_Required work_. Records follow. Print exactly the lines from the one that has "Distillery Production Tour" through the one that has "Trim Kit - German", inclusive, and omit the pictures.

_Provided information_.
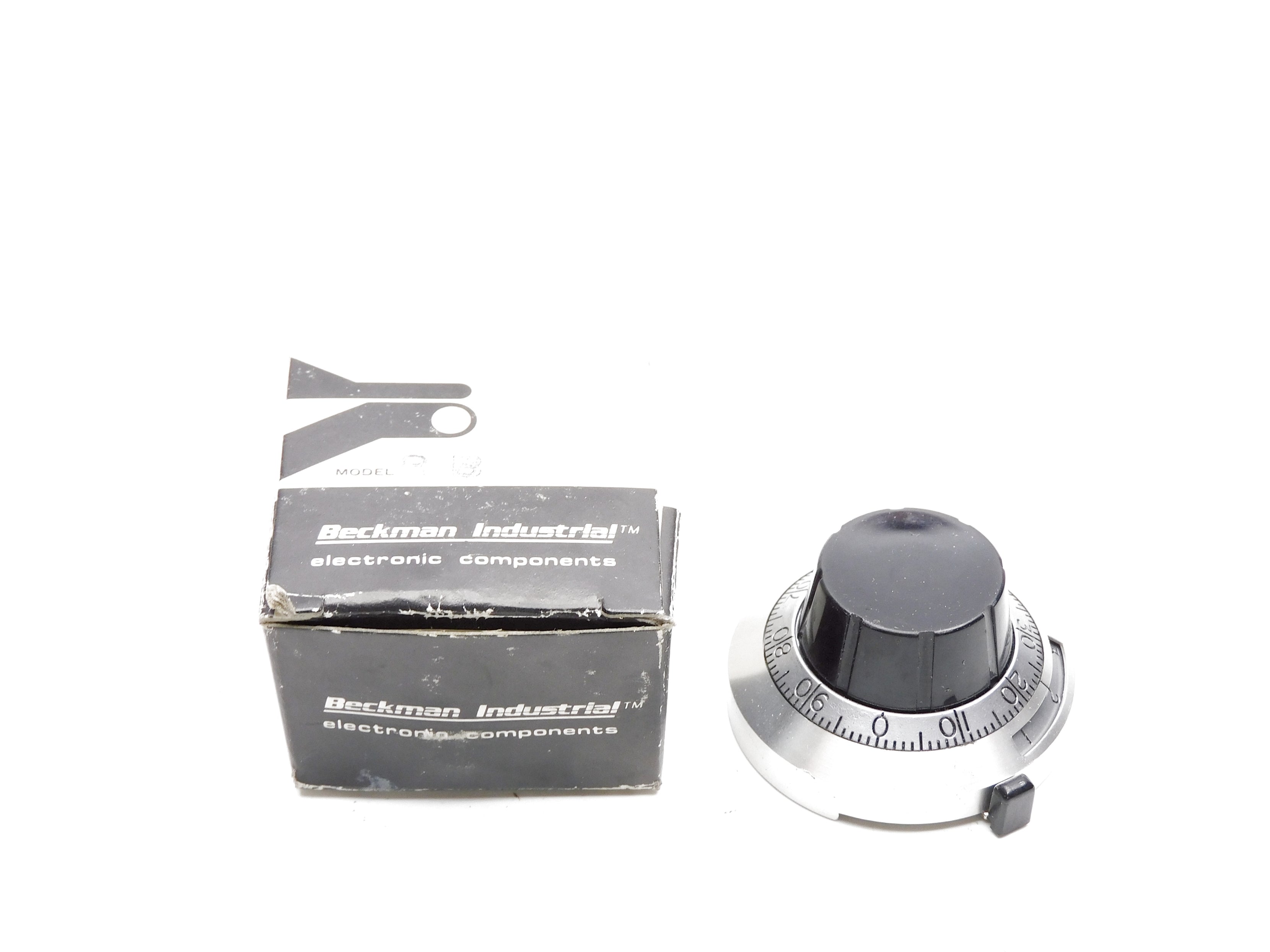 BECKMAN INDUSTRIAL RB NSMP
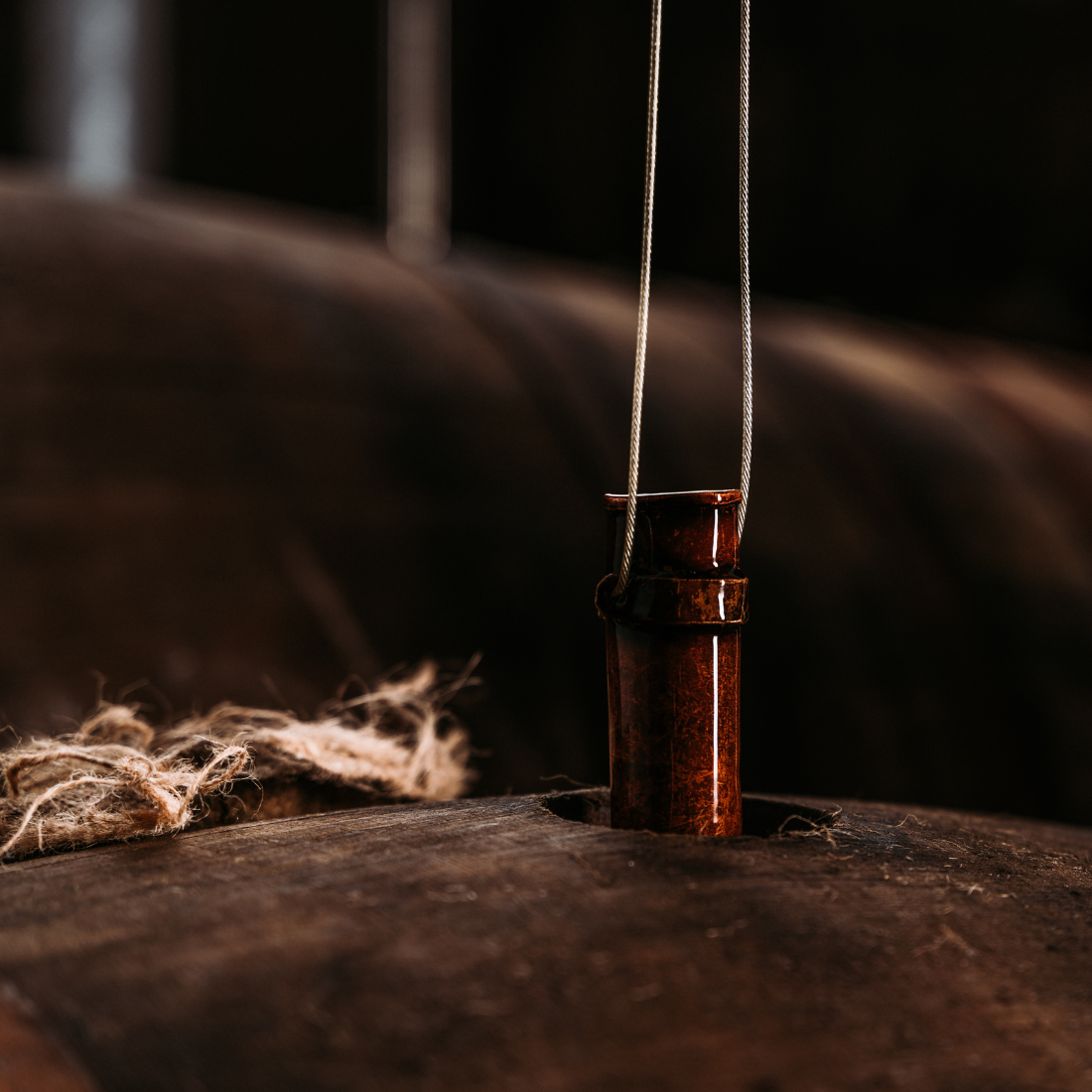 Distillery Production Tour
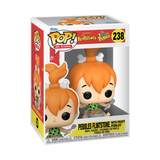 Pebbles Flintstone with Fruity Pebbles Funko Pop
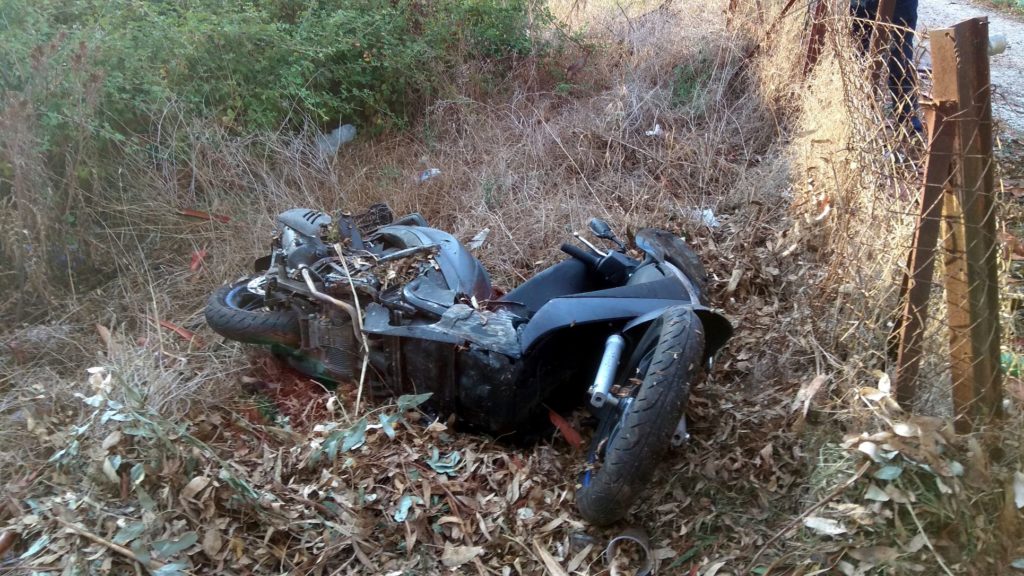 Σέρρες: Νεκρός 19χρονος οδηγός μηχανής τα ξημερώματα στη Μαυροθάλασσα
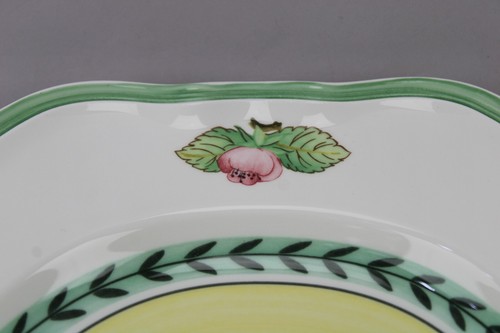 Villeroy & Boch French Garden Fluerence Large 17" Oval Serving Platter NOS - Picture 3 of 9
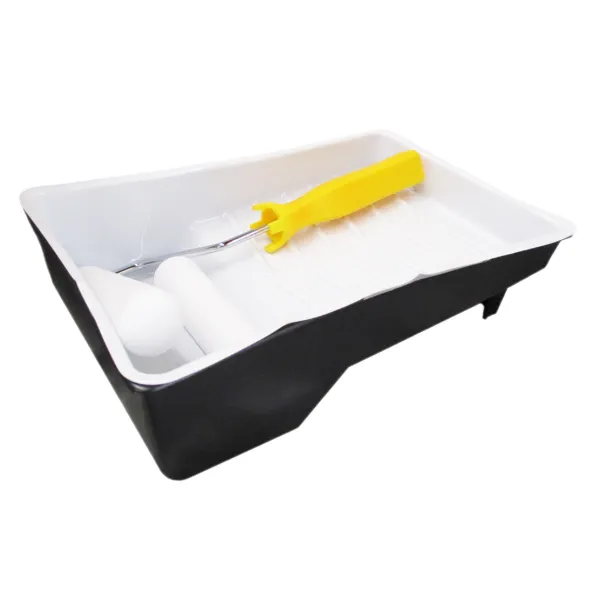 Trim Kit - German Foam (Includes Tray, Refills, Liner & Frame) Black/Grey WEF626611 150MM 12/CS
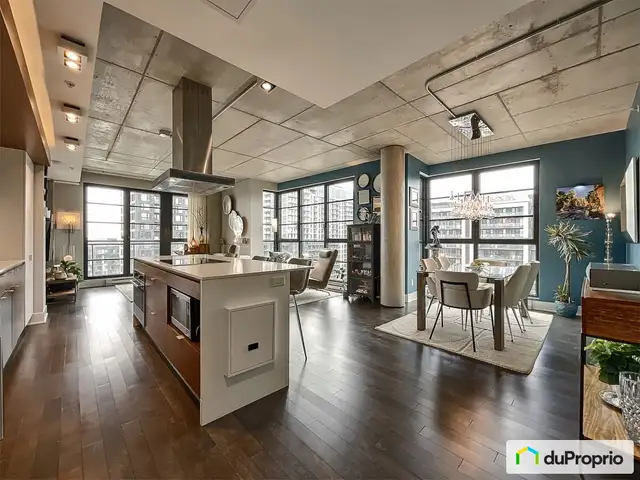 $849,000 - Condominium for sale in Griffintown in Condos for Sale in City of Montréal - Image 7
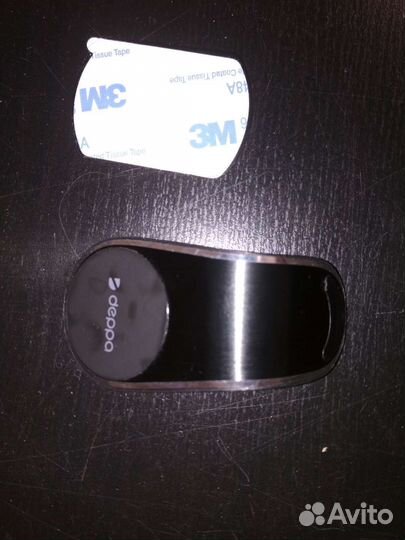 Автомобильный держатель deppa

_Answer box_.
 Distillery Production Tour
 Pebbles Flintstone with Fruity Pebbles Funko Pop
 Σέρρες: Νεκρός 19χρονος οδηγός μηχανής τα ξημερώματα στη Μαυροθάλασσα
 Villeroy & Boch French Garden Fluerence Large 17" Oval Serving Platter NOS - Picture 3 of 9
 Trim Kit - German Foam (Includes Tray, Refills, Liner & Frame) Black/Grey WEF626611 150MM 12/CS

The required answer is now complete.